Task instructions -> Print every line of the listing below, starting with the line that holds "Hello everyone, my" and going on through the line that holds "Welcome back to Warrington", both included, and print nothing else.

§ §

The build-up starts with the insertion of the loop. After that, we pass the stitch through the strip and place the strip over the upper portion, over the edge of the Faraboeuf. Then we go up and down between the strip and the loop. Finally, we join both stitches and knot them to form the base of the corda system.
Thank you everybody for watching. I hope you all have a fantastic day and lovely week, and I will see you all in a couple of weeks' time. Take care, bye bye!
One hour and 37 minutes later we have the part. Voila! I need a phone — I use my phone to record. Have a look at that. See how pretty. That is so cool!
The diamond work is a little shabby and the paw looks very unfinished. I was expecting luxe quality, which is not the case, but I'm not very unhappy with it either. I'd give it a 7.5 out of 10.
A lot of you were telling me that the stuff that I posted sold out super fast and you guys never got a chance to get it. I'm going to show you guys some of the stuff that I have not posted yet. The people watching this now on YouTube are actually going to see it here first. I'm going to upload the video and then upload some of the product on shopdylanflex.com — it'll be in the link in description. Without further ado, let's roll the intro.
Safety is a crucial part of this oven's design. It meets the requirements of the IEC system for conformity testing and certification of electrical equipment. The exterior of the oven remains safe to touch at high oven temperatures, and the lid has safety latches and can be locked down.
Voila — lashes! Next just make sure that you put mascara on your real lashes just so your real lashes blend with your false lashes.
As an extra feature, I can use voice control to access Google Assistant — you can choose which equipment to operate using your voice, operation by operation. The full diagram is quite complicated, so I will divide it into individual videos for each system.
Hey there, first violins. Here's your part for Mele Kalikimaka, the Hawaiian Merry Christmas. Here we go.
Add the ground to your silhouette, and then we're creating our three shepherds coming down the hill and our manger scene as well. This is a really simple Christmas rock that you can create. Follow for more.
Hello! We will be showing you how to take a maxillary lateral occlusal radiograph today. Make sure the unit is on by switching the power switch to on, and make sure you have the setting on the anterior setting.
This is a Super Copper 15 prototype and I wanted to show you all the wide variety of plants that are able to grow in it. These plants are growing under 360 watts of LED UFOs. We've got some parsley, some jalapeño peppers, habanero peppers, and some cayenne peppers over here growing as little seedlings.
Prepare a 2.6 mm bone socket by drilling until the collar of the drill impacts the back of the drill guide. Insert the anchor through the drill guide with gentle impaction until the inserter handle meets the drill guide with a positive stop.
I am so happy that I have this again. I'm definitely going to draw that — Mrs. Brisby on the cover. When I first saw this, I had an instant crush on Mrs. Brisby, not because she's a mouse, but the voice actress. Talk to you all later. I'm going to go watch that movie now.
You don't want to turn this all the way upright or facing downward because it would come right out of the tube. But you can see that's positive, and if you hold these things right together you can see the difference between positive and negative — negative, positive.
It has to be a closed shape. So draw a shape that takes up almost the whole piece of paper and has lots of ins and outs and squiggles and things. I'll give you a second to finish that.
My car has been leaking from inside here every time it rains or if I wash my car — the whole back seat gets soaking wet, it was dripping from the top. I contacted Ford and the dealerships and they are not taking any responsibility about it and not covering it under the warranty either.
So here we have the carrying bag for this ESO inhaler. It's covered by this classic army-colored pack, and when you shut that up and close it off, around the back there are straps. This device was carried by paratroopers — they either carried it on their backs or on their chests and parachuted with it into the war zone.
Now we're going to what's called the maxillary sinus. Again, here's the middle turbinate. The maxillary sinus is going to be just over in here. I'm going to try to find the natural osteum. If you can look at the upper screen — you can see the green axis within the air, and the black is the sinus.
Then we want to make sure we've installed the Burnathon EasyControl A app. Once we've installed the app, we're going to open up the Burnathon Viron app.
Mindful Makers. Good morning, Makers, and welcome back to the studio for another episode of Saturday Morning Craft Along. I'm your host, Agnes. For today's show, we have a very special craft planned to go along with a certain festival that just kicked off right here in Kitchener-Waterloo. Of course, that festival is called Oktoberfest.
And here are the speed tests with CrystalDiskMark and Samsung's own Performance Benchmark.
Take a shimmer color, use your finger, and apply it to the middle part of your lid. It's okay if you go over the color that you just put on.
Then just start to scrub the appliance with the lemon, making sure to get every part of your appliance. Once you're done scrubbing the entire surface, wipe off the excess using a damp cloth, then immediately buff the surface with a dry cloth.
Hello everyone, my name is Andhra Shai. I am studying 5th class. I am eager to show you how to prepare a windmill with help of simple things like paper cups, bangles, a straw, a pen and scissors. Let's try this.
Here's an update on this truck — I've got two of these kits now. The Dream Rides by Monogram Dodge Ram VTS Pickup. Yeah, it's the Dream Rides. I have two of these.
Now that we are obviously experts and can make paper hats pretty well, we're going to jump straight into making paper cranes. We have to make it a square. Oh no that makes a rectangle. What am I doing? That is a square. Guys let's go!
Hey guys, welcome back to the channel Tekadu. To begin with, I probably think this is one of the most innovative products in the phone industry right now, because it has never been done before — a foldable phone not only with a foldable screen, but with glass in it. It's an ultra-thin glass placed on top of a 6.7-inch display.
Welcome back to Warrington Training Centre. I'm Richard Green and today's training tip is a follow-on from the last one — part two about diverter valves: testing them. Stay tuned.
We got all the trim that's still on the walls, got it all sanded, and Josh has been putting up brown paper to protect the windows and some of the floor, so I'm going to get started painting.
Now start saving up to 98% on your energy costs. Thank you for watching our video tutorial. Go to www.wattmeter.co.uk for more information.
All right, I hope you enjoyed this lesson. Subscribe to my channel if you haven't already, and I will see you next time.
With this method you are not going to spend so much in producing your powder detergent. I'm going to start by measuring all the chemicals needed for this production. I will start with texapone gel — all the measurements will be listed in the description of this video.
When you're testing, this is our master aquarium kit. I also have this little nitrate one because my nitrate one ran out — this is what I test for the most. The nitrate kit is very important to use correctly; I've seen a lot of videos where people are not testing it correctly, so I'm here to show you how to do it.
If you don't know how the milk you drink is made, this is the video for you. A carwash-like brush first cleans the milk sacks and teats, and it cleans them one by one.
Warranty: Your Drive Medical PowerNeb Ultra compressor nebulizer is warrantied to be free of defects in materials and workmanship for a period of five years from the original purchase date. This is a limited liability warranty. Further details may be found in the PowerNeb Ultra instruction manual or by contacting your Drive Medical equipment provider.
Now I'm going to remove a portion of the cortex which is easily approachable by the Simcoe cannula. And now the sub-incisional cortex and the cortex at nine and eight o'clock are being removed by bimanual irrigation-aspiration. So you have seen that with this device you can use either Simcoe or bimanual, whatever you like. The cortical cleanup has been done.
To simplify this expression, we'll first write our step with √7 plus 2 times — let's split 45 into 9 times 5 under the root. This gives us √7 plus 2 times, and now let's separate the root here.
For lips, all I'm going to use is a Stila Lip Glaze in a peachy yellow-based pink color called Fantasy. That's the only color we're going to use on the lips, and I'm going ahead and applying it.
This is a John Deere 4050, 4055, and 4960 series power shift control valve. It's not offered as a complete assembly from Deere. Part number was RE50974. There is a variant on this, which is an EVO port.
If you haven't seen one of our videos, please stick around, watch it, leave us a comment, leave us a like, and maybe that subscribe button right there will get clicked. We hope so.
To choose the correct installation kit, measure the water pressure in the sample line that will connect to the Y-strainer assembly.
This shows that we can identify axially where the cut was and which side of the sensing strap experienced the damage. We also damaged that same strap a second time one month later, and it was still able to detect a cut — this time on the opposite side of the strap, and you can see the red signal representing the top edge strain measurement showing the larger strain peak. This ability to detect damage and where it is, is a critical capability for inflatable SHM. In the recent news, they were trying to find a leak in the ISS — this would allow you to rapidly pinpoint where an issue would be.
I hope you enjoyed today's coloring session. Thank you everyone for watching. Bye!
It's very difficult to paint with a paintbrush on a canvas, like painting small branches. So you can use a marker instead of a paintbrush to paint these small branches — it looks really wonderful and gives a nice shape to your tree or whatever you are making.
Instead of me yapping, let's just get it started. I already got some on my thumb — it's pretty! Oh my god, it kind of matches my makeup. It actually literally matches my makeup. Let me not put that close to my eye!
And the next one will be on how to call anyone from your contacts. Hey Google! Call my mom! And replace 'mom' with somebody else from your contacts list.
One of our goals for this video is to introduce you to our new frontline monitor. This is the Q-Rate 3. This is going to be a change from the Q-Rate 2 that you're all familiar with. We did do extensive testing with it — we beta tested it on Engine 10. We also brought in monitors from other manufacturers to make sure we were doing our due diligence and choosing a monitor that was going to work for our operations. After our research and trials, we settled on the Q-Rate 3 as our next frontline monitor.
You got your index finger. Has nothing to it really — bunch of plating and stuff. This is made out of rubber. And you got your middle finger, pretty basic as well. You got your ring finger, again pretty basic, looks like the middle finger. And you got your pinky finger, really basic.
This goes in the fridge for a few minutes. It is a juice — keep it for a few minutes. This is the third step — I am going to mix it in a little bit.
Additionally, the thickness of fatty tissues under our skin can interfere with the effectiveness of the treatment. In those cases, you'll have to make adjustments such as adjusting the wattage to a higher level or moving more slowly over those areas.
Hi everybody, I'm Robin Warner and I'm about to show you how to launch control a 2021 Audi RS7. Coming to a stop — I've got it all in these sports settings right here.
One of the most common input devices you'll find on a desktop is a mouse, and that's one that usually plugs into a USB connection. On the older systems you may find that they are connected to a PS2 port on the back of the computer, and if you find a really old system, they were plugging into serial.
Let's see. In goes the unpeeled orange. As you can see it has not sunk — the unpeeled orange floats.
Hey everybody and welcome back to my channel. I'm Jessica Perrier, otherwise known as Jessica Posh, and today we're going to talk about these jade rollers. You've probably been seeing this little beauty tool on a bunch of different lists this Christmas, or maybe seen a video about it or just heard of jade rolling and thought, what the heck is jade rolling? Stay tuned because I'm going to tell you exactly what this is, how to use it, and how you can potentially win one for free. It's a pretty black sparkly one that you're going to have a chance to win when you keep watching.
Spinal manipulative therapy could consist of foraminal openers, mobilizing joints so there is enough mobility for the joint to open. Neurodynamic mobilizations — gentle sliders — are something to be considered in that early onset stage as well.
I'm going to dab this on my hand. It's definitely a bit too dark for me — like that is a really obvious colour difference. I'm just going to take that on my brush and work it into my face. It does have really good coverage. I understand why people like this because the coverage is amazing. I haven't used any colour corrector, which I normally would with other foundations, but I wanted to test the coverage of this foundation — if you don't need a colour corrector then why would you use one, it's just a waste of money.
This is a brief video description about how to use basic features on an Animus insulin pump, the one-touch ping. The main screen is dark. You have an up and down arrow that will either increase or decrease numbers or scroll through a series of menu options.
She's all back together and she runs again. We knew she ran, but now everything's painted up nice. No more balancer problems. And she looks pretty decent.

§ §

Response to this task ->
Hello everyone, my name is Andhra Shai. I am studying 5th class. I am eager to show you how to prepare a windmill with help of simple things like paper cups, bangles, a straw, a pen and scissors. Let's try this.
Here's an update on this truck — I've got two of these kits now. The Dream Rides by Monogram Dodge Ram VTS Pickup. Yeah, it's the Dream Rides. I have two of these.
Now that we are obviously experts and can make paper hats pretty well, we're going to jump straight into making paper cranes. We have to make it a square. Oh no that makes a rectangle. What am I doing? That is a square. Guys let's go!
Hey guys, welcome back to the channel Tekadu. To begin with, I probably think this is one of the most innovative products in the phone industry right now, because it has never been done before — a foldable phone not only with a foldable screen, but with glass in it. It's an ultra-thin glass placed on top of a 6.7-inch display.
Welcome back to Warrington Training Centre. I'm Richard Green and today's training tip is a follow-on from the last one — part two about diverter valves: testing them. Stay tuned.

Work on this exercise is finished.